### Records to process
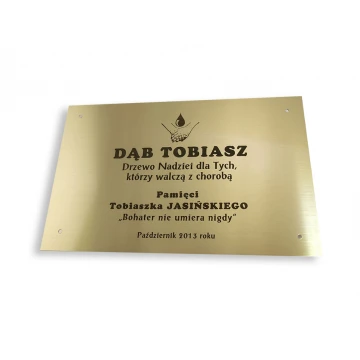Tabliczka mosiężna z dedykacją - M008 - wym. 200x130mm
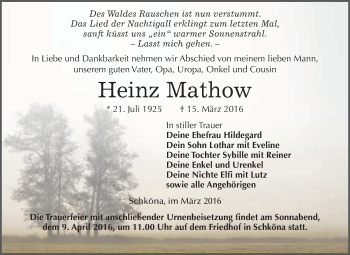 Traueranzeige von Heinz Mathow von WVG - Wochenspiegel Wittenberg
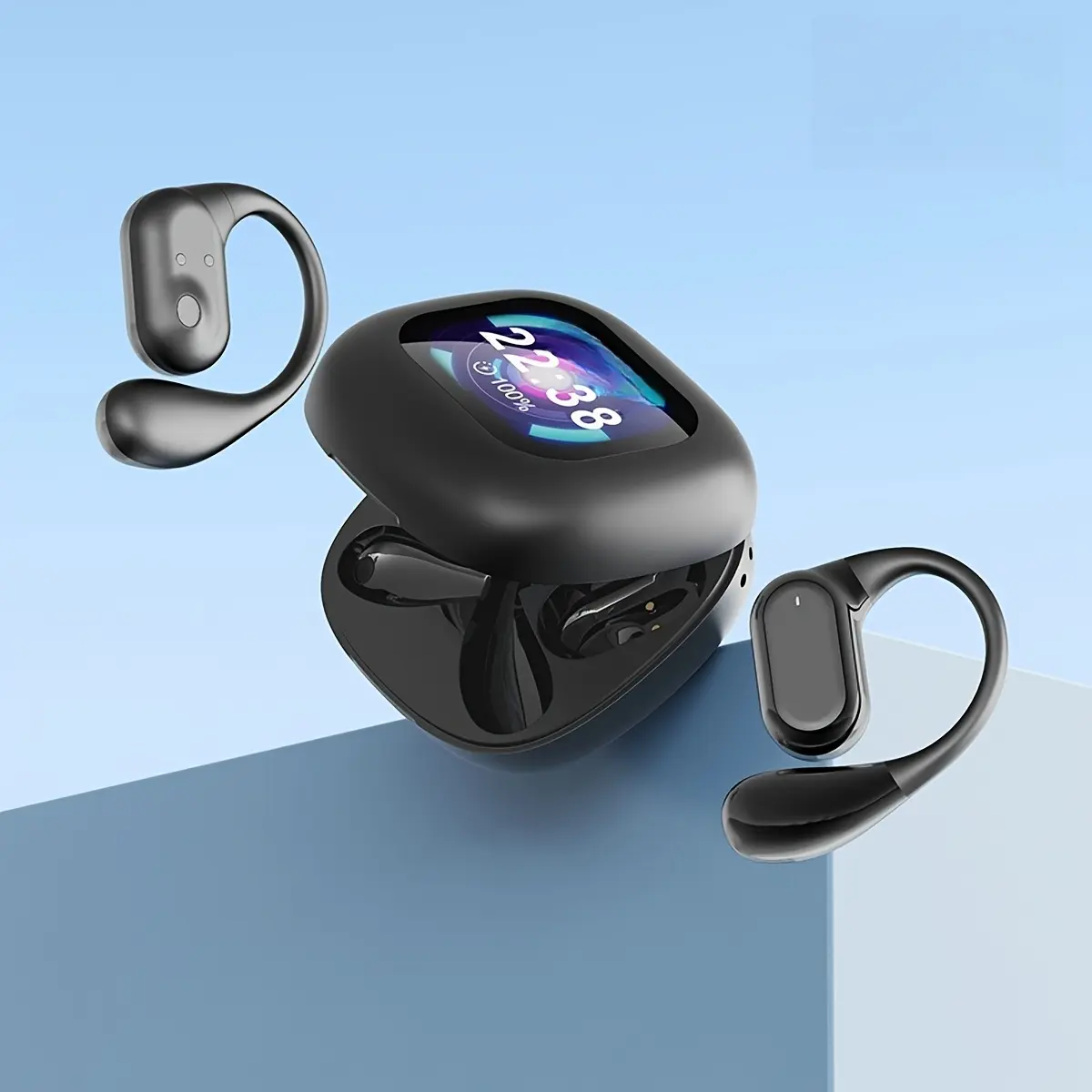 2025 New Style True Wireless In-Ear Sports Hanging Headset Couples Earpods with Touch Screen Display Gaming Earbuds Video TWS HIFI Bass Stereo ENC HD Calling Earphones for Cellphone Music Smart Headphones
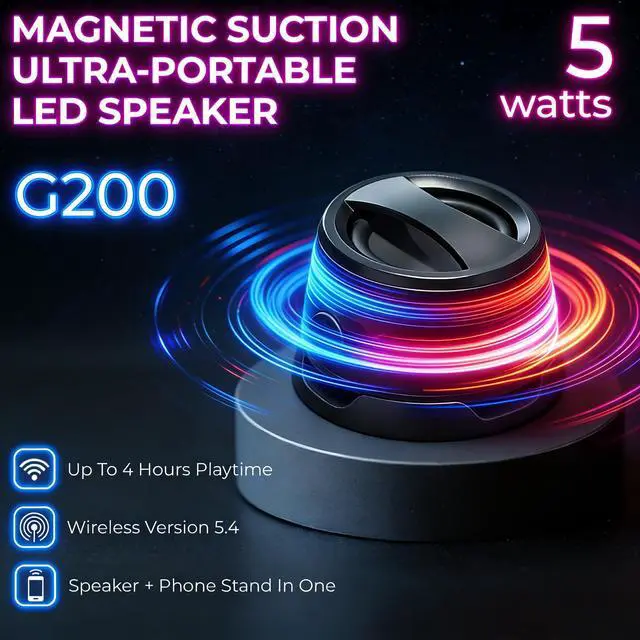 Alt view image 2 of 7 - Magnetic Mini Bluetooth Speaker with RGB Lights, Portable Wireless Stereo Speaker Set with Phone Holder, Small Speaker for Car Bike Room Outdoor, Ideal Gift for Teens, Black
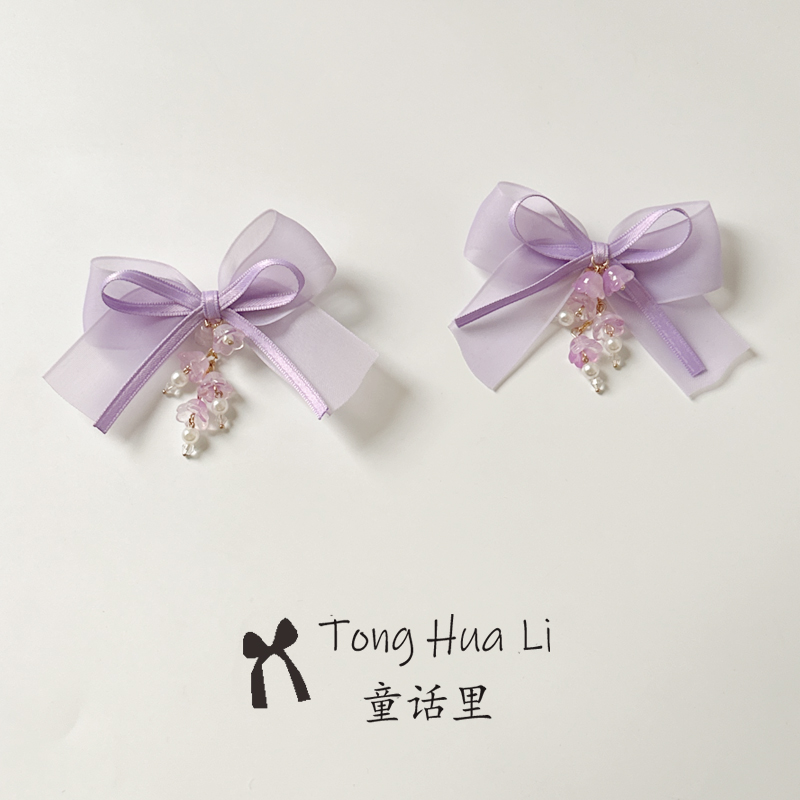 儿童汉服发饰蝴蝶结铃兰流苏对夹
######
_Instructions to follow:_ Exactly the lines from the one containing "Alt view image" through the last line of the material above, both included and free of pictures, should make up your answer, please.

_Finished exercise:_
 Alt view image 2 of 7 - Magnetic Mini Bluetooth Speaker with RGB Lights, Portable Wireless Stereo Speaker Set with Phone Holder, Small Speaker for Car Bike Room Outdoor, Ideal Gift for Teens, Black
 儿童汉服发饰蝴蝶结铃兰流苏对夹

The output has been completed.